7. Problem 26-5, pages 762–763.

Assigned Problems (to be handed in):

• For each problem that requires you to write an algorithm, give an English description of your algorithm, describe your algorithm in pseudocode, analyze its running time, and argue for its correctness. Your argument should be precise, i.e., rigorous enough to be converted to a formal argument if required.
• When describing an algorithm in pseudocode, explain the meaning of your variables in English. Comment the lines of your pseudocode. Your pseudocode should be short, clear, and complete to receive full credit. If your code is long, difficult to read, or incomplete, you will not receive full credit.

1. Problem 26-1, page 760–761.
   • part a. (2 points)
   • part b, write pseudocode (10 points); argue that your algorithm is correct (2 points); analyze its running time (1 point).

2. Problem 26-2, page 761.
   • part a, write pseudocode (8 points); argue for correctness (2 points); analyze the running time (1 point).
   • part b, explain your answer. (4 points)

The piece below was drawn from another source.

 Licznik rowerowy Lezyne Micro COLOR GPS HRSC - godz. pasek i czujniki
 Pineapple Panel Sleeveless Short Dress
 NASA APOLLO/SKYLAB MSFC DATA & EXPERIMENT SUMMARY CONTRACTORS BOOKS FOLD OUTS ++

3. Problem 26-4, page 762. For each part, write pseudocode, explain your algorithm, and justify its O(V + E) running time. (5 points for each part)

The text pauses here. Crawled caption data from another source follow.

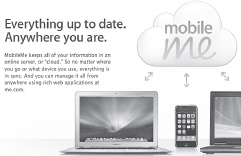 Apple’s MobileMe “cloud” syncing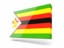 Zimbabwe. Thin rectangular icon. Download icon.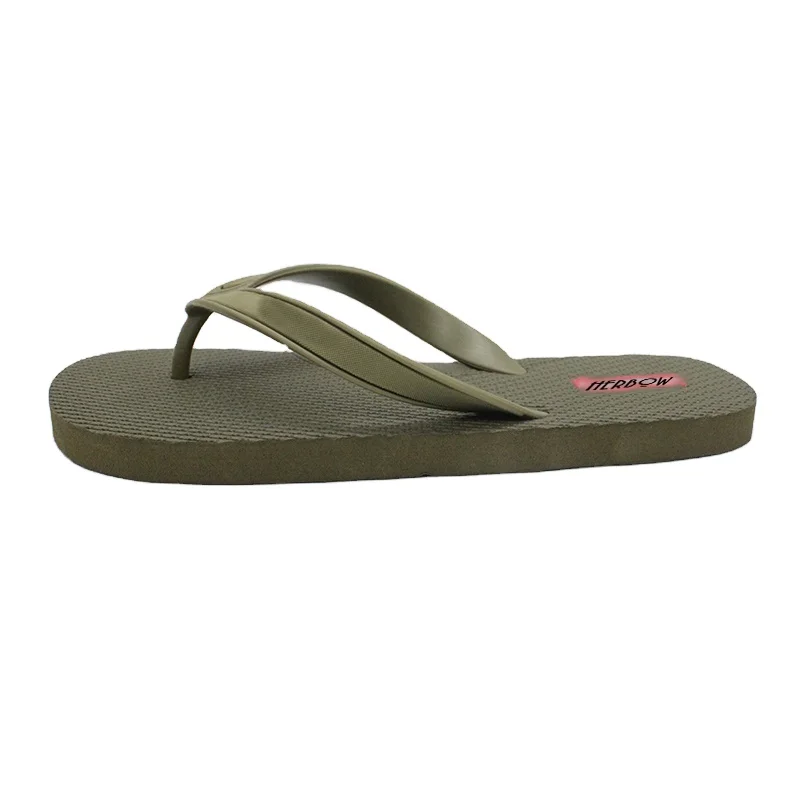Creative Fashionable Mens Flip Flops Rubber Sole and Strap Customized Print and Logo Wholesale Rubber Flip Flops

4. Consider an arbitrary directed network (G = (V, E), s, t, capacities c: V × V → R⁺) in which we want to find the maximum flow. Assume for simplicity that all edge capacities are at least 1, and define the capacity of an s-to-t path to be the smallest capacity of its constituent edges, c(p) = min{c(u, v): (u, v) is an edge in p}. The fattest path from s to t is the path with the largest capacity c(p).
   • Show that the fattest s-to-t path in a directed network can be computed by a variant of Dijkstra's algorithm.
     • Describe your algorithm in pseudocode. (4 points)
     • Argue for the correctness of your algorithm. (2 points)
     • Analyze the running time of your algorithm. (1 point)
   • Show that the maximum flow in G is the sum of individual flows along at most |E| paths from s to t. (4 points)
   • Now show that if we always increase flow along the fattest path in the residual graph, the Ford-Fulkerson algorithm will terminate in at most O(E log| f |) iterations, where | f | is the size (value) of the maximum flow. (4 points)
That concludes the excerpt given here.